Start of Block

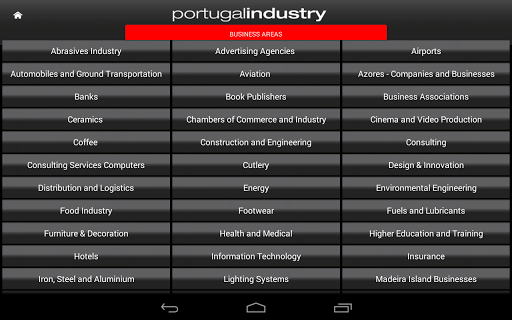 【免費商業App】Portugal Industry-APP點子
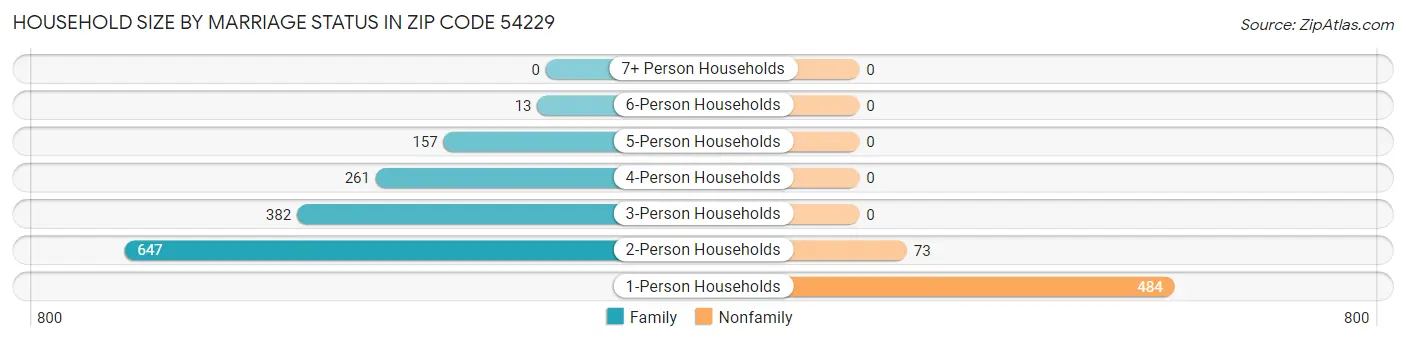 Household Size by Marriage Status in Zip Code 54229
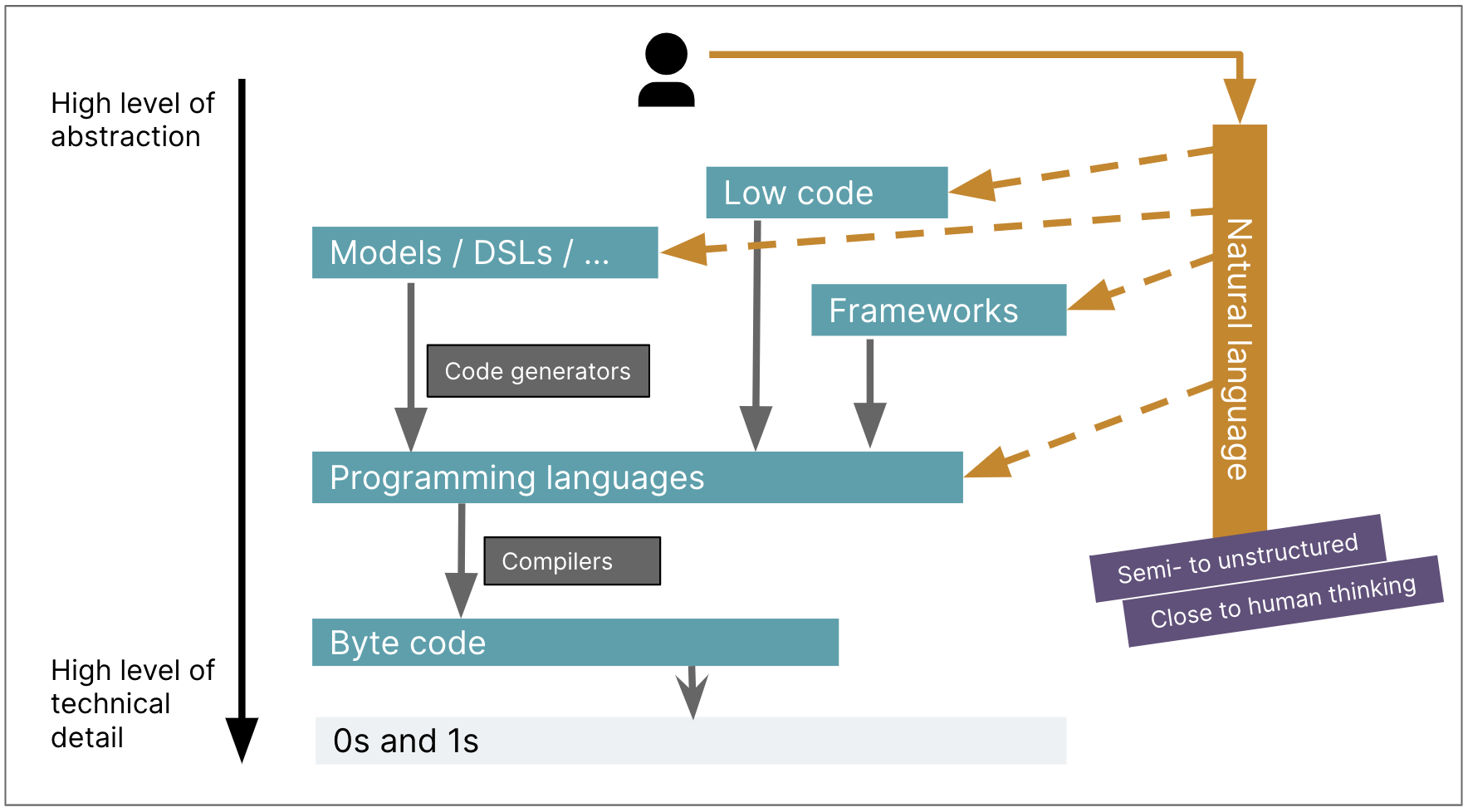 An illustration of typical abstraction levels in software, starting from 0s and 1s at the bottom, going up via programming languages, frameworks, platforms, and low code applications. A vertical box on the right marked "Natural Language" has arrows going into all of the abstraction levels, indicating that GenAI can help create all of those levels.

End of Block

ABOUT THIS TASK -> Only the lines between the one containing "Household Size by" and the last line of the listing above, both included, should be written out, exactly and without pictures.

OUTPUT FOR THIS EXERCISE ->
 Household Size by Marriage Status in Zip Code 54229
 An illustration of typical abstraction levels in software, starting from 0s and 1s at the bottom, going up via programming languages, frameworks, platforms, and low code applications. A vertical box on the right marked "Natural Language" has arrows going into all of the abstraction levels, indicating that GenAI can help create all of those levels.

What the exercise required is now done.